Le bruit de la poulie répétitive et grinçante scandait mes pensées.
Ses mains fines et douces, ses doigts glissaient, effleuraient le membre endolori, lui redonnait sa substance.
La fraicheur de ses mains remplaçaient progressivement la chaleur dûe à l'inflamation de ce genou récalcitrant.
Marie souriait bienveillante et forte à la fois. Son ton se faisait doux pour rassurer lorsqu'elle sentait son patient sombrer dans le découragement, se transformait en autoritarisme presque, en rappel, pour obtenir de lui, la volonté nécessaire pour obtenir le résultat recherché, parfois à la limite du possible lorsque la douleur était intense.
Le cheminement était long, fait de pas en arrière et en avant. L'avant devait gagner, c'est tout.

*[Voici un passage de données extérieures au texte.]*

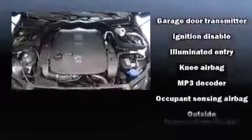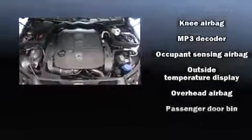Mercedes-Benz also prioritized safety and security by including head curtain airbags, a panic alarm, and four-wheel disc brakes with ABS. You'll never lose visibility with rain-sensing wipers, which activate automatically when the drops start to fall.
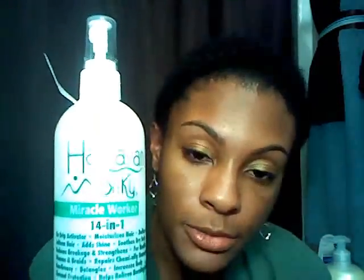I also got the Hawaiian Silky 14-in-1 Miracle Worker. I've seen this forever — I used to want to try this so bad when I was relaxed, but I was like, I can't wet my hair, that's gonna mess up my wrap. I used to want it so bad though.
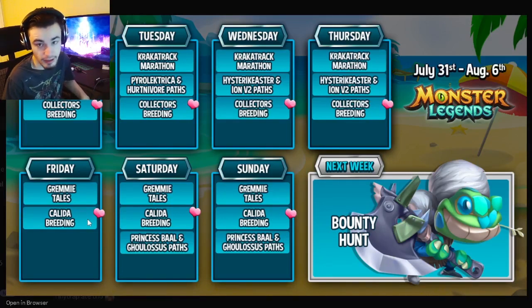We're also going to have a Kalita Breeding on Friday where you can get a brand new mythic named Kalita. Go and try to get that monster as well, since it will be really easy to get through a breeding event. That will go all the way until possibly next Thursday, and the Grammy Tails will go until next Thursday as well.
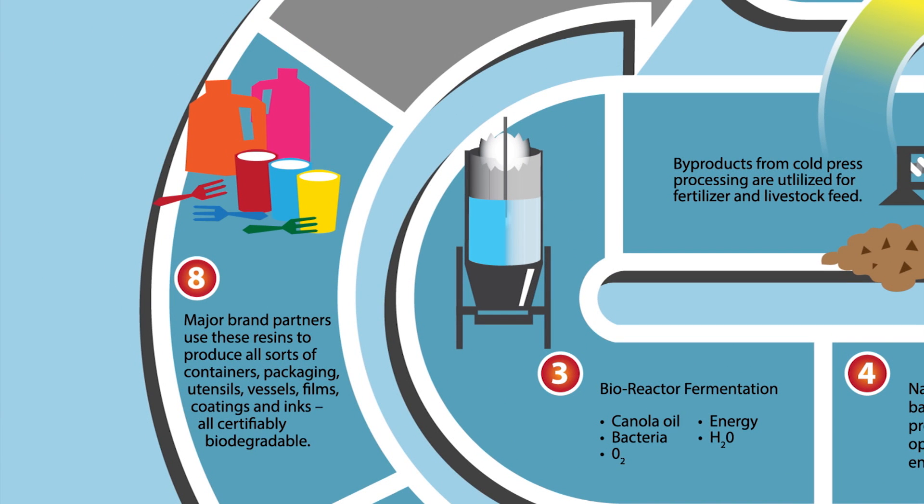These major brand partners innovate and use these resins to create all kinds of containers, bottles, boxes, packaging, utensils, vessels, films, coatings, and inks.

Cette salle de réeducation voyait des accidentés de moto, amputés, qui voulaient remarcher, grâce à une volonté pugnace, bornée;Le seul but: marcher!
Des miraculés sortis du coma qui avaient atrophiés leurs muscles et qu'ils devaient reconstituer jour après jour pour redevenir ou essayer de redevenir l'être qu'ils avaient été. Le regard étonné comme la découverte d'un monde nouveau.
La poulie grinçait. Marie se retourna vers Monsieur X:
" je vous tourne le dos mais je vois tout, vous vous relachez, amplitude, allez, allez chercher la douleur!"
Monsieur X souriait mais un peu jaune! " c'est pas elle qui a mal, pensait il!"
Quelques silhouettes fantomatiques, constrastaient avec celles des jeunes sportifs qui riaient haut et fort, chahutant, cachant les chaussures de certains kinés, leur jeu favori!
Personnes plus ou moins âgées avec leur appareil à oxygène comme le foetus relié à sa mère par le cordon ombilical. Le souffle de vie, si tenu parfois, que l'on craint qu'il ne s'éteigne à chaque seconde.
Marie était une âme pure, un regard bleu et marron confondu, aucun maquillage, une simplicité, un sourire qui la faisait reine.